We recommend using the tool `nbgitpuller <https://github.com/data-8/nbgitpuller>`_
to synchronize a folder in your user's filesystem with a ``git`` repository.

To use ``nbgitpuller``, first make sure that you `install it in your Docker
image <https://github.com/data-8/nbgitpuller#installation>`_.
Once this is done, you'll have access to the ``nbgitpuller`` CLI from within
JupyterHub. You can run it with a ``postStart`` hook with the following configuration

.. code-block:: yaml

   singleuser:
     lifecycleHooks:
       postStart:
         exec:
           command: ["gitpuller", "https://github.com/data-8/materials-fa17", "master", "materials-fa"]

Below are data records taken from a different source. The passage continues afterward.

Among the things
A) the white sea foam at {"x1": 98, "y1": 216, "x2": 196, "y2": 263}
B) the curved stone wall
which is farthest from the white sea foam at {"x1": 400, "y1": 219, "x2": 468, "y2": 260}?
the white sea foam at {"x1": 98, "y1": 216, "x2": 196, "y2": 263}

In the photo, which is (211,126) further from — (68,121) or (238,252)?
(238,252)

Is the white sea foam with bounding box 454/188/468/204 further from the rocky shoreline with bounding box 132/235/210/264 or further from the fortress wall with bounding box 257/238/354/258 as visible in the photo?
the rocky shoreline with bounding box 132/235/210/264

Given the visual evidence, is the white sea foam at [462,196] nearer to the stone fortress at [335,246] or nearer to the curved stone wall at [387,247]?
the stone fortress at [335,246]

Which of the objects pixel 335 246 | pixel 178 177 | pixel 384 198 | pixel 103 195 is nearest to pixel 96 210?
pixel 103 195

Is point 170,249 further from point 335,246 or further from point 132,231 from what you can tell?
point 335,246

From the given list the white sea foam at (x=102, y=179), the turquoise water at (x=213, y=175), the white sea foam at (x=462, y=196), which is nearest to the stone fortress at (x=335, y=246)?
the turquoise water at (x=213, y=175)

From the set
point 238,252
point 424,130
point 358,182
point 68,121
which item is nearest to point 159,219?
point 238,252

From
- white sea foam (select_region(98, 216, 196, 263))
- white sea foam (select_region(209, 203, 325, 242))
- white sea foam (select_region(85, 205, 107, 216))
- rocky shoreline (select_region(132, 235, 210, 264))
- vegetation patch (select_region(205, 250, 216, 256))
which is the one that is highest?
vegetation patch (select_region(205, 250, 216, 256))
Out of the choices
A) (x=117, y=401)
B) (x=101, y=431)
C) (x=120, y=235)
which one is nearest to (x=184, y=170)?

This will synchronize the master branch of the repository to a folder called
``$HOME/materials-fa`` each time a user logs in. See `the nbgitpuller documentation <https://github.com/data-8/nbgitpuller>`_
for more information on using this tool.

.. warning::

   ``nbgitpuller`` will attempt to automatically resolve merge conflicts if
   your user's repository has changed since the last sync. You should familiarize
   yourself with the `nbgitpuller merging behavior <https://github.com/data-8/nbgitpuller#merging-behavior>`_
   prior to using the tool in production.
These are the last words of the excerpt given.